Assistant Dean of Advising & Associate Faculty
als10@nyu.edu
726 - 1 Wash Pl

Office Hours
Tuesday 3:00-4:00
Wednesday 11:00-12:00

B.A., English, University of St. Thomas, 1995
M.A., Comparative Literature, University of Iowa, 1998
Ph.D., English, University of Iowa, 2006

Amy Spellacy’s teaching and research interests include nineteenth- and twentieth-century American literature, literature of the Americas, U.S. Latino/a literature, and transnational literary and cultural studies.  Her dissertation, “Neighbors North and South: Literary Culture, Political Rhetoric and Inter-American Relations in the Era of the Good Neighbor Policy, 1928-1948,” traces the deployment and circulation of the trope of the neighbor in social and cultural texts in the United States and Latin America.  Prior to Gallatin, Amy was a lecturer and Assistant Director of Studies in the History and Literature program at Harvard, where she taught interdisciplinary courses such as “American Road Narratives,” “Mexican American Crossings,” and “A Cultural History of the Banana.”   Amy is also the Administrative Director of the Gallatin Americas Scholars.  

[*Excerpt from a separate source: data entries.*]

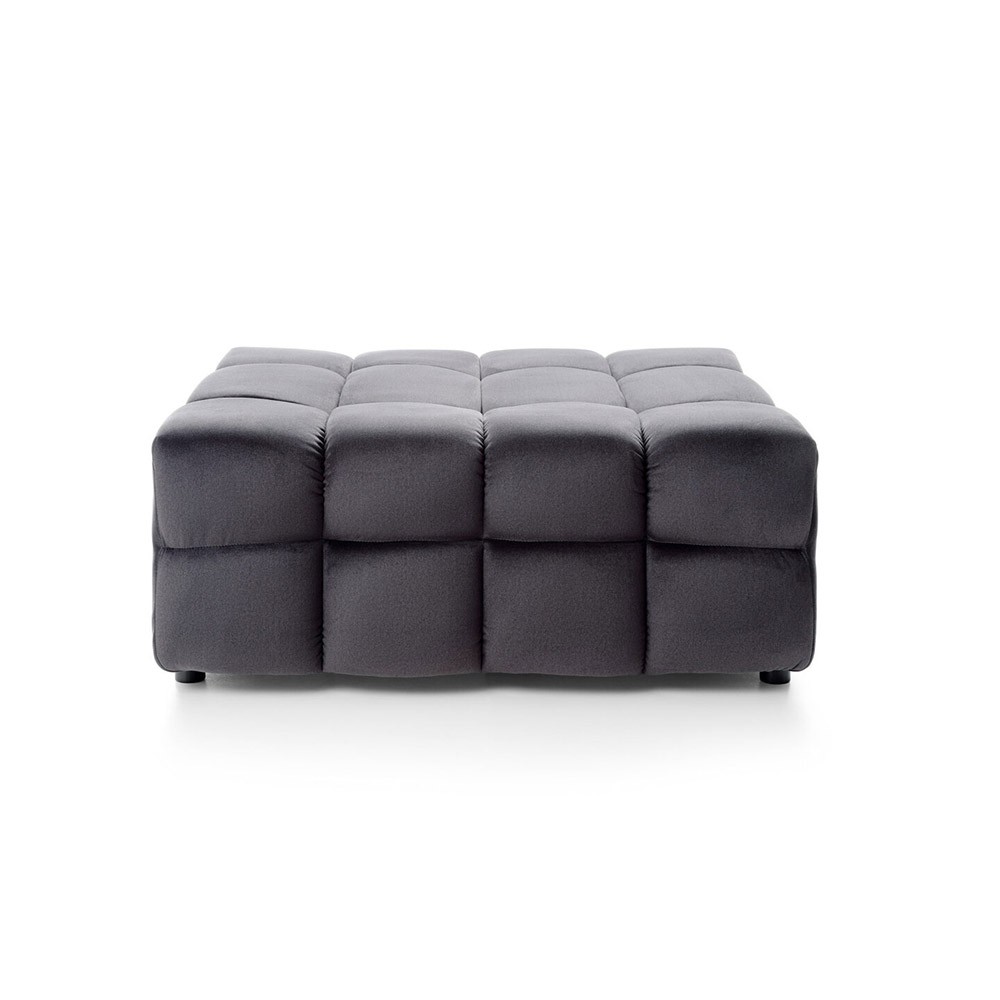 Pouf Puszman ligne Buffalo avec matelassage décoratif | kasa-store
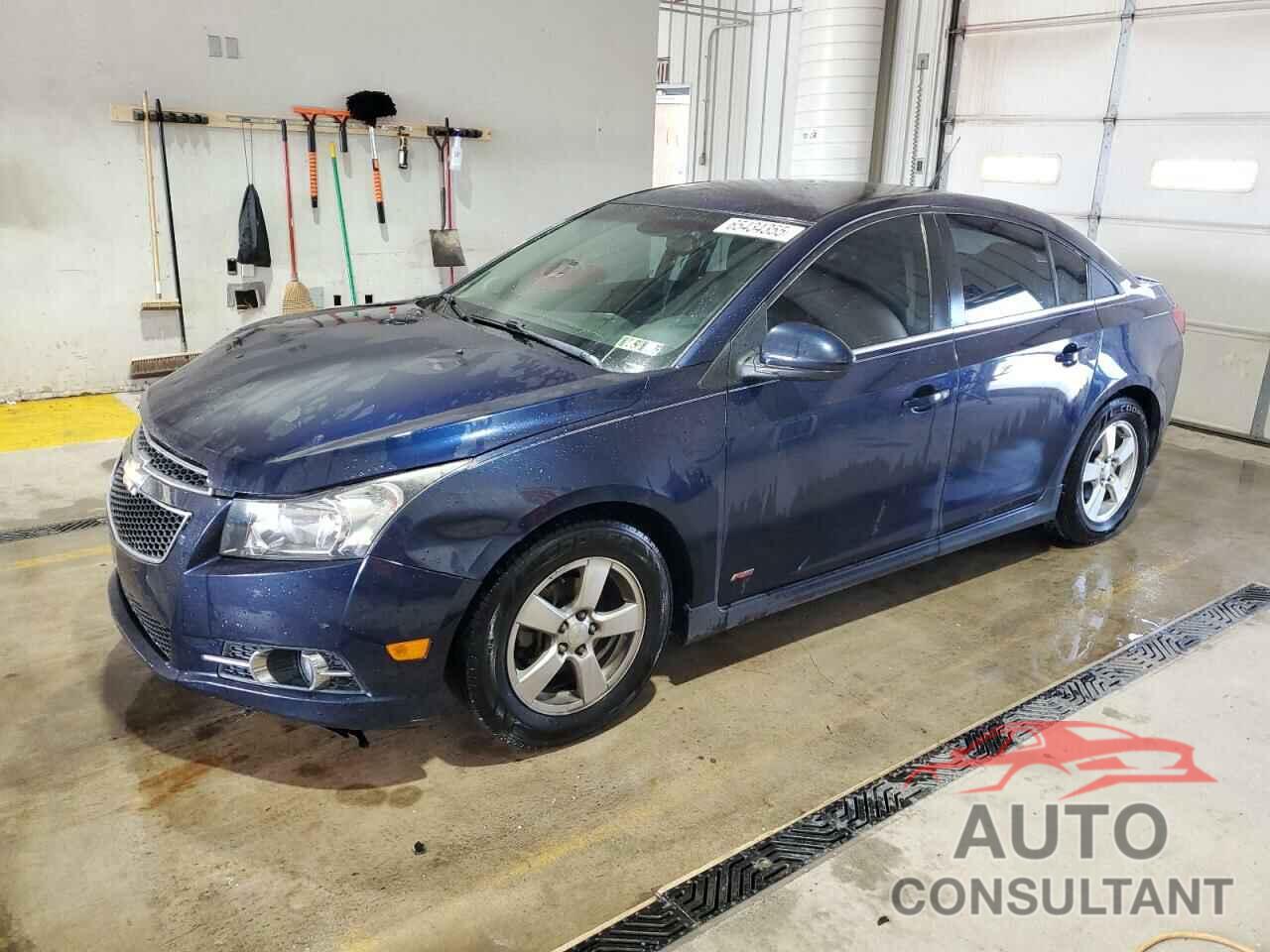 CHEVROLET CRUZE 2011 - 1G1PF5S93B7207023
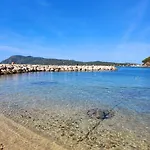 公寓 Joli Studio Renove Dans Station Balneaire. 滨海圣芒德里耶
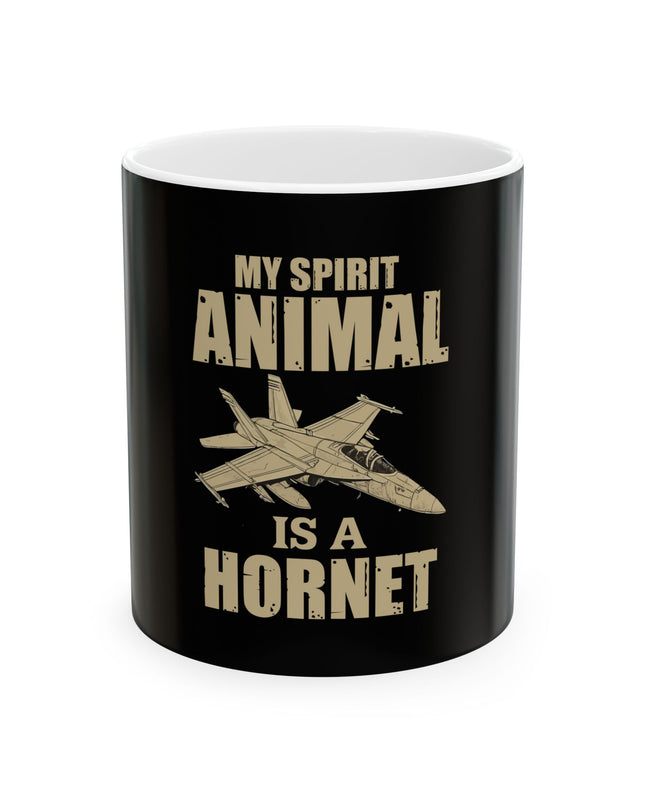 My Spirit Animal Is a Hornet – Mug
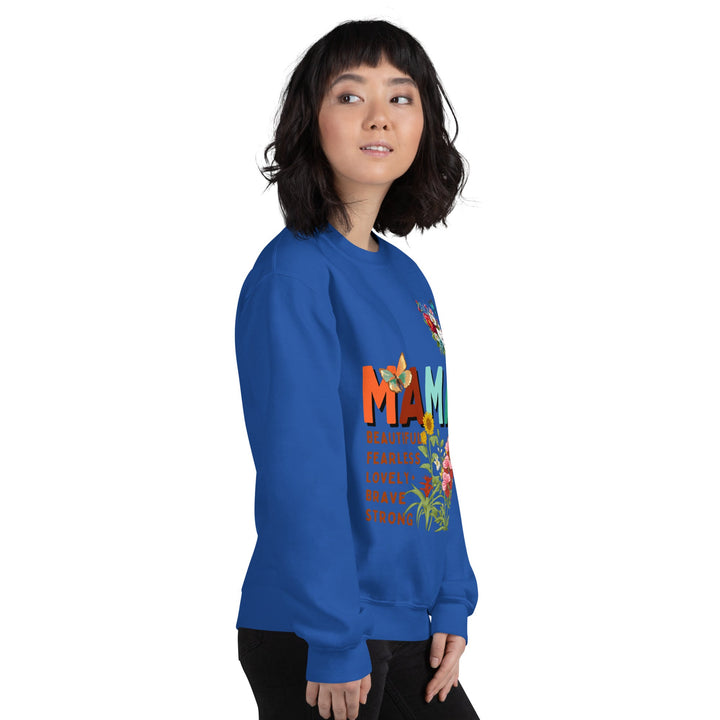 Beautiful Mama Women Premium Sweatshirt - ArtyKoala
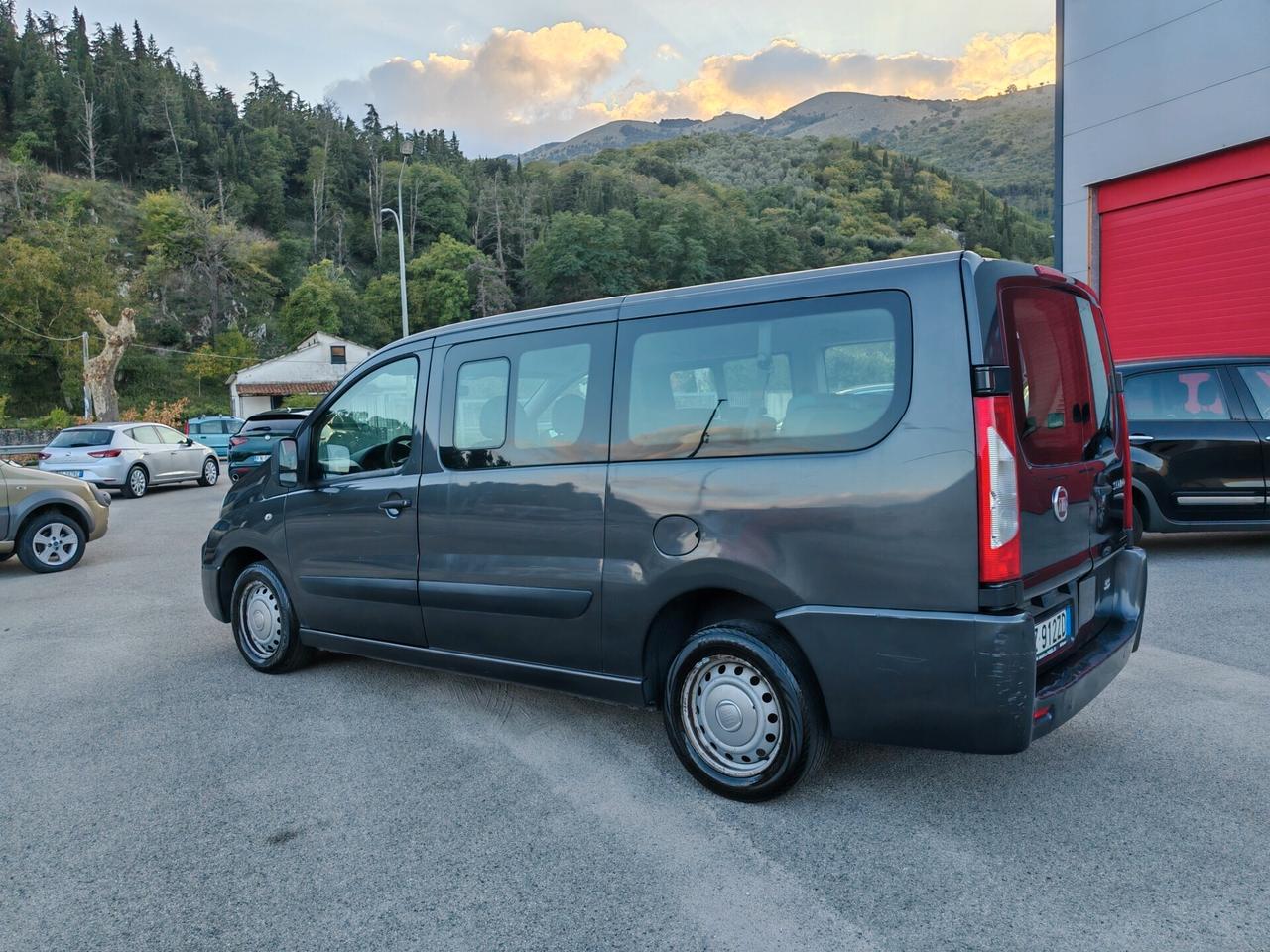 Fiat Scudo 2.0 MJT/130 PC Panorama Family 5 posti (M1)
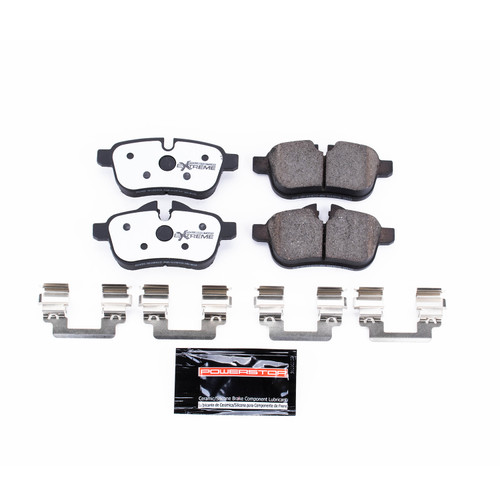 Disc Brake Pad Set Power Stop Z26-1433 fits 09-16 BMW Z4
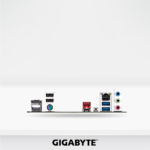 PLACA GIGABYTE A620M GAMING X, AMD Socket AM5, 4xDDR5 hasta 192 GB, 1x HDMI, 1x DP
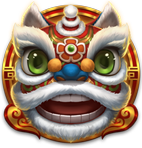 逗陣弄獅-圖示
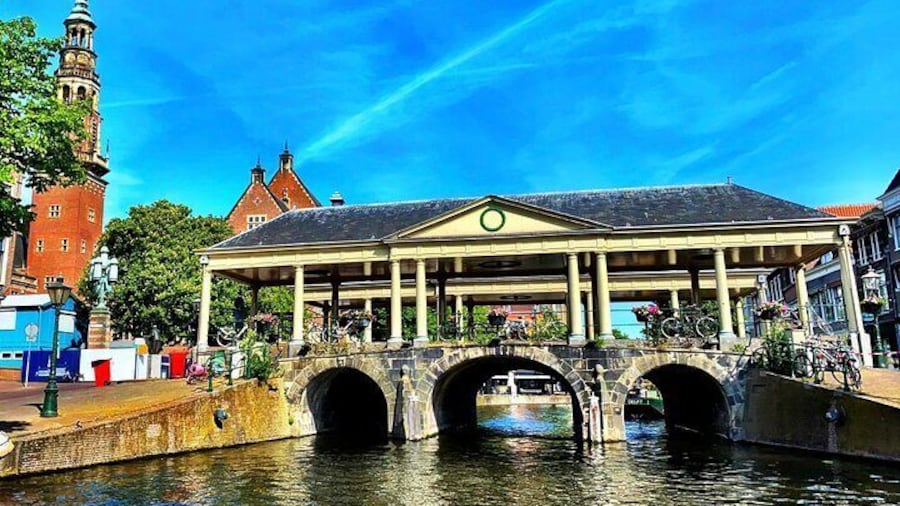 The famous Koornbrug
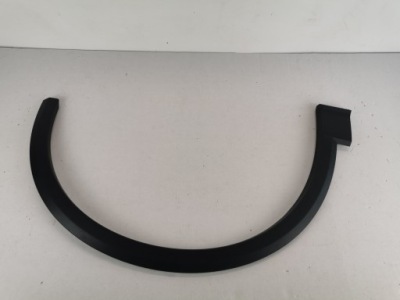 Bmw x5 e70 молдинг крыла левый задняя фото №1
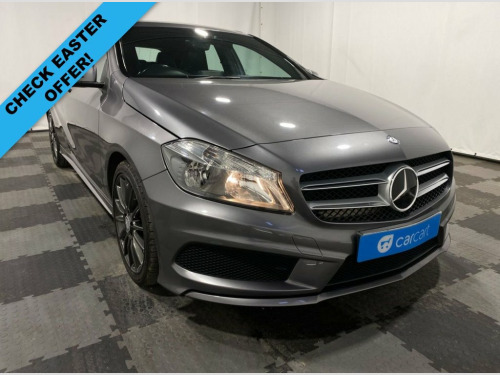 Mercedes-Benz A-Class A180 1.5 A180 CDI AMG Sport Hatchback 5dr Diesel 7G-DCT
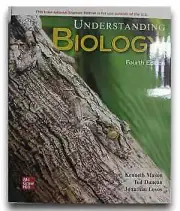 Understanding Biology ISE - Paperback, by Kenneth A. Mason Tod Duncan - New h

Teaching and Research Interests

19th- and 20th-century American literature; hemispheric American studies; U.S. Latino/a literature; U.S.-Latin American relations; travel; road narratives; race and ethnicity 

Recent News

Professor Amy Spellacy contributed the chapter "'Making Pals in Panama': U.S.-Latin American Relations and the Trope of the Good Neighbor in Coca-Cola Advertising During the 1940s" to Global Perspectives on the United States: Pro-Americanism, Anti-Americanism, and the Discourses Between, edited by Virginia R. Dominguez and Jane C. Desmond (Urbana: University of Illinois Press, 2017), 265-289.